The response should contain all of the records, copied exactly, and none of the images.

◆ **LISTED ENTRIES**:
--------------------------------------------------

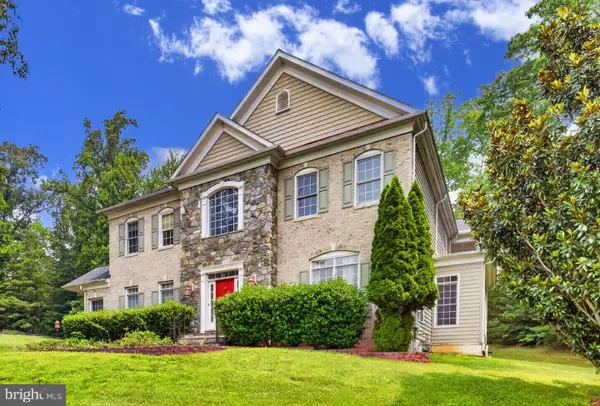9205 Forest Greens Dr, LORTON, VA 22079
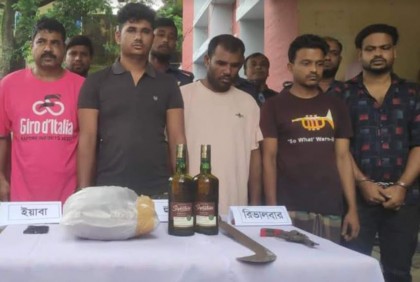 নবীনগরে ডাকাত সর্দারসহ গ্রেফতার ৫ 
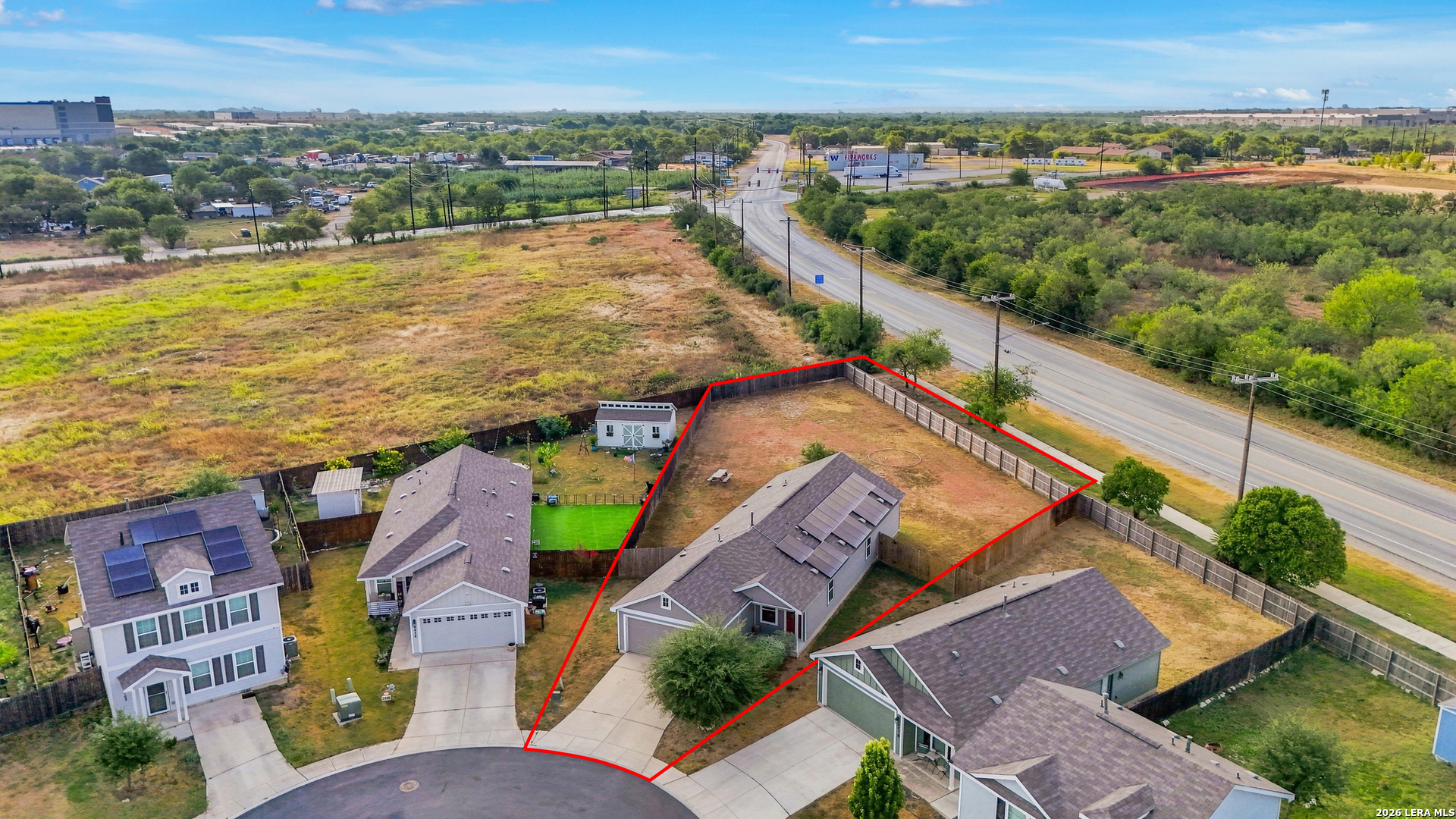main property photo 33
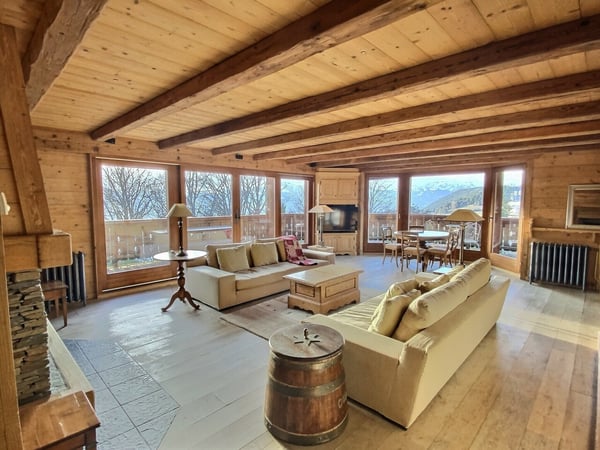 25 39 Chalet idéalement situé dans un style alpin tout confort 9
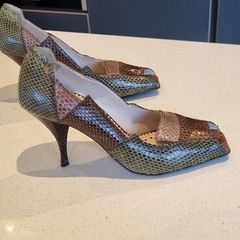 Yves Saint Laurent shoes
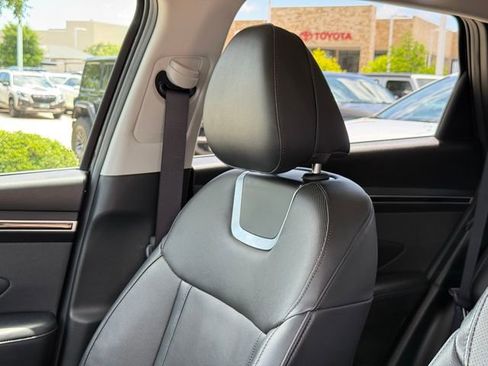 Used 2022 Hyundai Tucson Limited FWD image 10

--------------------------------------------------

◆ **OUTPUT FOR THIS EXERCISE**:
9205 Forest Greens Dr, LORTON, VA 22079
 নবীনগরে ডাকাত সর্দারসহ গ্রেফতার ৫ 
main property photo 33
 25 39 Chalet idéalement situé dans un style alpin tout confort 9
 Yves Saint Laurent shoes
 Used 2022 Hyundai Tucson Limited FWD image 10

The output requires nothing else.